GitHub Copilot's usage-based billing switch starts today, June 1, 2026. For engineering teams, that is more than a pricing update. It is a planning signal.

GitHub says Copilot plans are moving from premium request units to GitHub AI Credits. Credits are consumed based on token usage, including input, output, and cached tokens. Code completions and Next Edit suggestions remain included in paid plans, but higher-effort features such as Copilot Chat, Copilot CLI, Copilot cloud agent, Copilot Spaces, Spark, and third-party coding agents consume credits. Copilot code review can also consume GitHub Actions minutes.

That changes how teams should talk about AI-assisted work in sprint planning.

When agentic coding was treated like a flat subscription, many teams planned as if the agent was always-on free capacity. Usage-based billing makes the hidden cost visible. A quick question, a small autocomplete, a long repo-wide refactor, and an agentic code review are not the same kind of work. They should not be estimated as if they are.

AI cost is now part of story scope

Story points should still measure relative effort, complexity, risk, and uncertainty. They should not become a direct dollar conversion.

But if a story needs heavy agent usage, that matters. AI cost is one more sign that the story may be broader than it looks.

A small UI fix might use code completions and a short chat. A larger agent-assisted task might include:

  • Multiple repo-wide context reads.
  • Long Copilot Chat or CLI sessions.
  • Cloud agent work across branches or pull requests.
  • AI-assisted code review.
  • Repeated retries after failed tests.
  • Frontier-model usage for complex reasoning.
  • Extra validation because generated code touches risky paths.

Those activities consume budget, review time, and attention. The team should surface them before sprint commitment, not after the invoice or the incident.

The planning question is not just "can AI do it?"

The better question is: what kind of AI work does this story require?

That question belongs in backlog refinement and planning poker.

Before the team votes, ask:

  • Is this a simple coding-assistant story or an agentic workflow story?
  • Will the agent need broad repository context?
  • Will it touch billing, auth, permissions, data retention, or infrastructure?
  • Will Copilot code review be part of the definition of done?
  • How many retries or review loops are likely?
  • Is the team relying on a shared enterprise credit pool?
  • Are budget controls likely to block a developer mid-story?

If nobody knows the answers, the story is not ready for a confident estimate.

Usage-based billing makes spread more useful

Planning poker is valuable because it reveals disagreement before work starts.

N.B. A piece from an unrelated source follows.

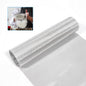 304 Stainless Steel Woven Wire 120 Mesh Fine Screen Mesh Steel Woven Mesh by NSKONGDODO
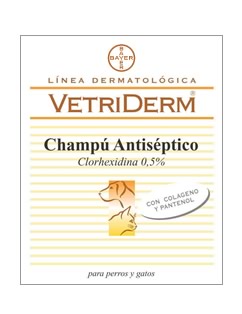 vetriderm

Copilot AI Credits give teams a new reason to pay attention to the spread.

Imagine a story where one developer votes 3 and another votes 13.

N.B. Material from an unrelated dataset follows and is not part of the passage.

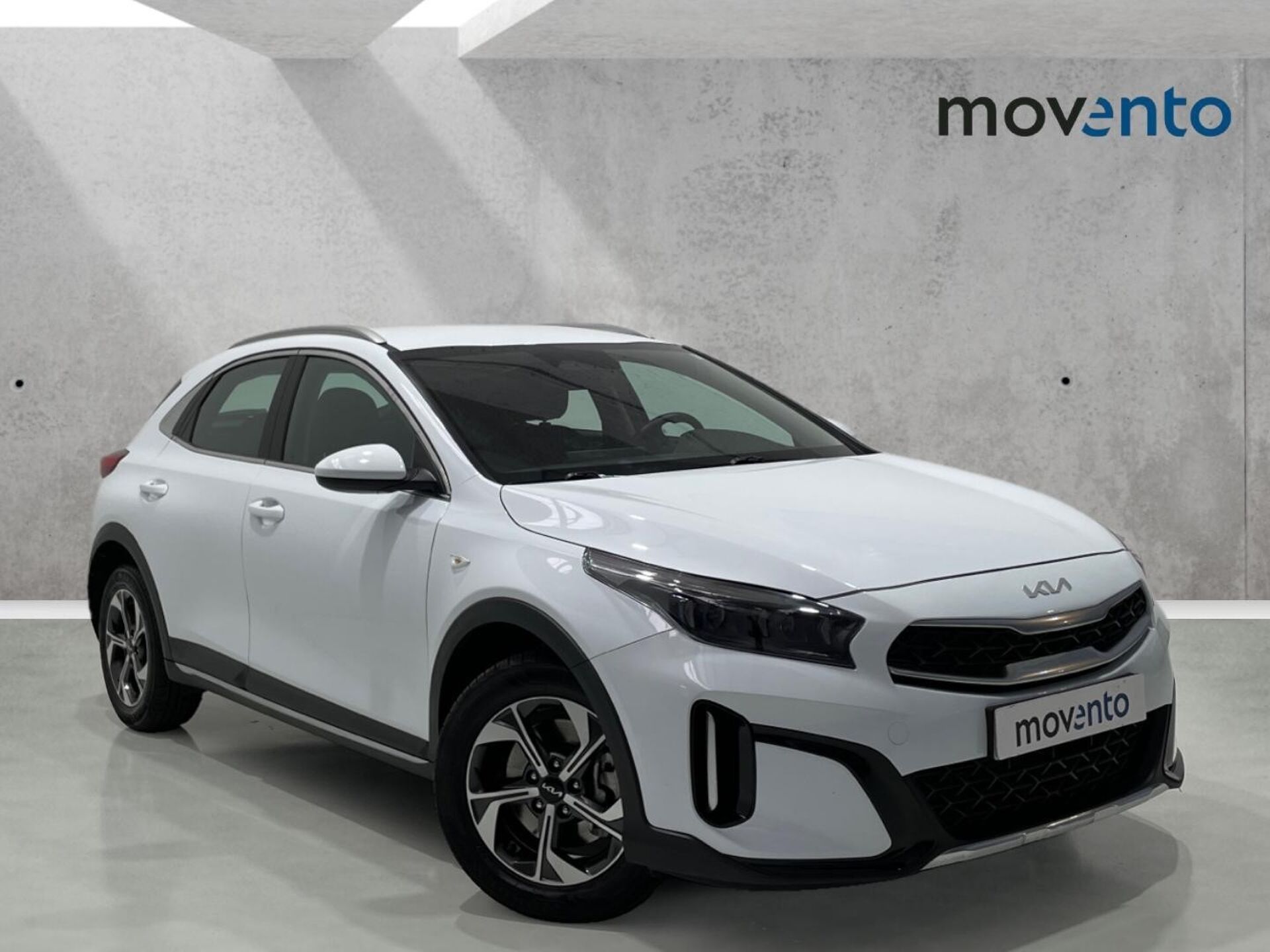 Imagen 1 de KIA XCeed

The low voter may be assuming:

  • The agent can draft most of the implementation.
  • The code path is isolated.
  • Existing tests are enough.
  • The work will use mostly completions and small chats.

The high voter may be assuming:

  • The agent will need a long multi-file session.
  • The generated code will require careful review.
  • The story will consume meaningful shared AI credits.
  • Copilot code review and Actions minutes are part of the workflow.
  • Budget caps may interrupt the work.
  • The feature touches production-sensitive logic.

That disagreement is useful. It shows that the team is not estimating the same delivery path.

Do not average the numbers too quickly. Ask each side what AI usage they assumed.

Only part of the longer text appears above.